Config-first (YAML) – Change pipeline combinations and hyper-params without touching code. Share the same config across experiments, CI, and serving.
Slate-aware Ranking – Use sequential selection to account for position, diversity, and exploration beyond naive Top-K.
OPE-ready by Design – SlatePolicy must output slot-level propensities (πₑ) so IPS/SNIPS/DR can be run immediately.

Core Concepts

CandidateSet vs Slate

CandidateSet: the retrieved/merged (shaped) pool the policy can choose from (hundreds–thousands).
Slate: the final, ordered list shown to the user (K items).
This separation lets you track 1-stage retrieval recall (e.g., CandidateRecall@M) and 2-stage final quality (NDCG/ILD/Entropy/Coverage, OPE) independently.

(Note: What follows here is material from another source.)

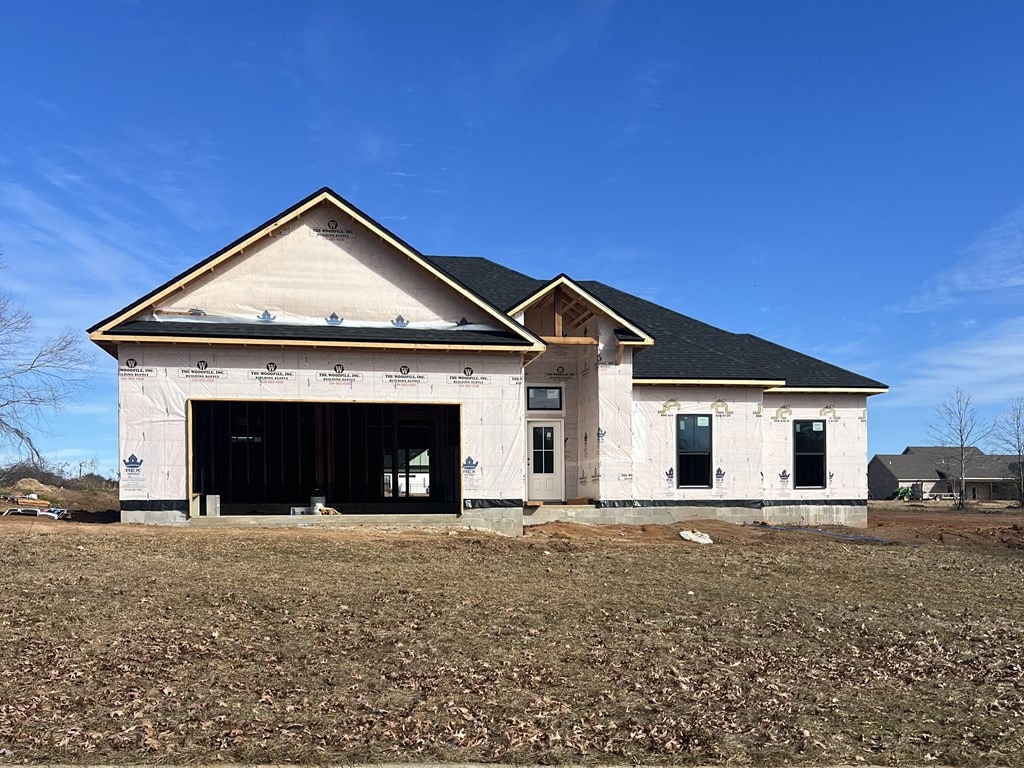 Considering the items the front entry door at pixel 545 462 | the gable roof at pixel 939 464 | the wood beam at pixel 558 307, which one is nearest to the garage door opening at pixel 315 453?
the front entry door at pixel 545 462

PolicyOutput & Propensities

SlatePolicy must return a PolicyOutput:

slate: ordered item ids
slot_propensity: πₑ at each slot (soft distribution logging)
per_item: mu (pCTR), sigma (uncertainty), score (internal score) This standardized output makes IPS/SNIPS/DR and log replay straightforward.

Project Structure

unirec/
  core/
    interfaces.py     # Role-specific ABCs + strict contracts
    state.py          # Data models
    registry.py       # Plugin loader from "package.module:ClassName"
    runner.py         # Executes the YAML-declared pipeline
  plugins/
    candidate_retriever/
      twotower_retriever_simple.py    # Simple two-tower style retriever (cosine stub)
    candidate_merger/
      union.py        # Weighted union + dedup → CandidateSet
    candidate_shaper/
      mmr.py          # MMR (shape: shape CandidateSet before policy)
    slate_policy/
      bandit_ucb.py   # UCB sequential slate (residual × position × (μ+ασ) − diversity)
    eval/
      metrics.py      # NDCG / Recall / ILD / Entropy / Coverage
      ope.py          # IPS / SNIPS / DR
      evaluator.py    # OfflineEvaluator: aggregate multi-metrics
  models/
    encoders/
      item_encoder.py # Item feature encoder → ItemEncoded
      user_encoder.py # User/session encoder → UserEncoded
    layers.py         # Shared NN blocks/utilities (MLP, attention, etc.)
    twotower_model.py # Two-tower training model (user/item towers, losses)
  trainers/
  data/
    encodable/
      item_encodable.py # Input container for item raw features/spec
      user_encodable.py # Input container for user context/session features
    encoded/
      item_encoded.py # Training-time item embedding (Tensor)
      user_encoded.py # Training-time user embedding (Tensor)
  configs/
    exp_dual_ucb.yaml # Example pipeline
  scripts/
    serve.py          # Run a single context → pipeline → slate JSON
    offline_eval.py   # Batch users → slates → metrics report
    build_ann.py      # Index build placeholder
  resources/
    item_emb.npy    # Demo embeddings (random)
    item_ids.json   # (Optional) id mapping aligned to embeddings
pyproject.toml
uv.lock
.python-version

Why this split?

core: stable contracts + thin engine
plugins: hot-swap implementations
configs: change combinations in YAML, not code
scripts: thin CLI entrypoints
data/resources: artifact injection (easy swap/rollback)

Installation

python -m venv .venv && source .venv/bin/activate
pip install -r unirec/requirements.txt
# (Optional) add FAISS/hnswlib later if you plan to use ANN indexes

Quickstart

Serve-like run (single user context)

python -m unirec.scripts.serve \
  --config unirec/configs/exp_dual_ucb.yaml \
  --context '{"user_id": 1, "recent_items": [3,5,7]}'

Offline evaluation (demo data auto-generated if none provided)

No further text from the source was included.